The main point remains: server and desktop OS kernels are a critical piece of infrastructure, worthy of full machine checked verification.

In this context, it should be pretty obvious that a design that fails to minimise the trusted computing base is flawed. Even if a kernel vulnerability is unlikely to kill any given user, the sum of all the crashes, hacks, patching effort… is huge.

I bet my hat rewriting the entire kernel for all popular OSes would be far cheaper worldwide than not doing it. (Of course, this won't happen any time soon, because path dependence and network effects. Unless maybe someone works seriously on the 30 million lines problem described by Casey Muratory.)

> In other words, the ancient concept of "right tool for the job" still applies.

Absolutely. Monolithic kernels are clearly the wrong tool for the job.

zokula · on Aug 17, 2018

> Monolithic kernels are clearly the wrong tool for the job.

Says who exactly?

loup-vaillant · on Aug 17, 2018

Says Simon Biggs, Damon Lee, and Gernot Heiser. Have you even read the abstract?

> The security benefits of keeping a system’s trusted computing base (TCB) small has long been accepted as a truism, as has the use of internal protection boundaries for limiting the damage caused by exploits. Applied to the operating system, this argues for a small microkernel as the core of the TCB, with OS services separated into mutually-protected components (servers) – in contrast to “monolithic” designs such as Linux, Windows or MacOS. While intuitive, the benefits of the small TCB have not been quantified to date. We address this by a study of critical Linux CVEs, where we examine whether they would be prevented or mitigated by a microkernel-based design. We find that almost all exploits are at least mitigated to less than critical severity, and 40% completely eliminated by an OS design based on a verified microkernel, such as seL4.

If the effect is that huge, of course security trumps pretty much all other considerations.

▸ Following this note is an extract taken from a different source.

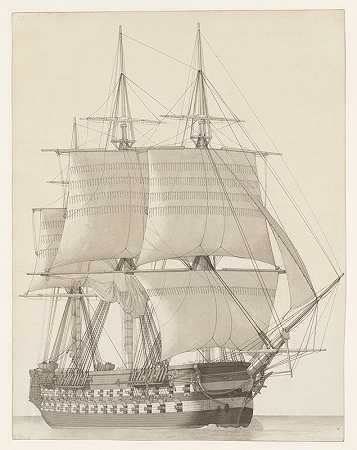 俄罗斯班轮（俄罗斯班轮）`Vessel of the Russian Line (Vaisseau de ligne russe) (1827) by Christoffer Wilhelm Eckersberg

These are consumer OS kernels we're talking about. One that fails to more or less maximise security is obviously the wrong tool for the job. As the title of the paper suggests, in case you failed to read that as well.

Sporktacular · on Aug 16, 2018

If we can't make reasonably secure controllers with only 4KB of RAM, perhaps we shouldn't be making controllers with only 4KB of RAM.

Tech and market pressure will make more capable processors affordable if security is prioritised.

Dylan16807 · on Aug 16, 2018

Bah, don't conflate 'microkernel' with 'secure'.

For a small system like that, the shining ideal is probably a formally verified single program with no real OS to speak of.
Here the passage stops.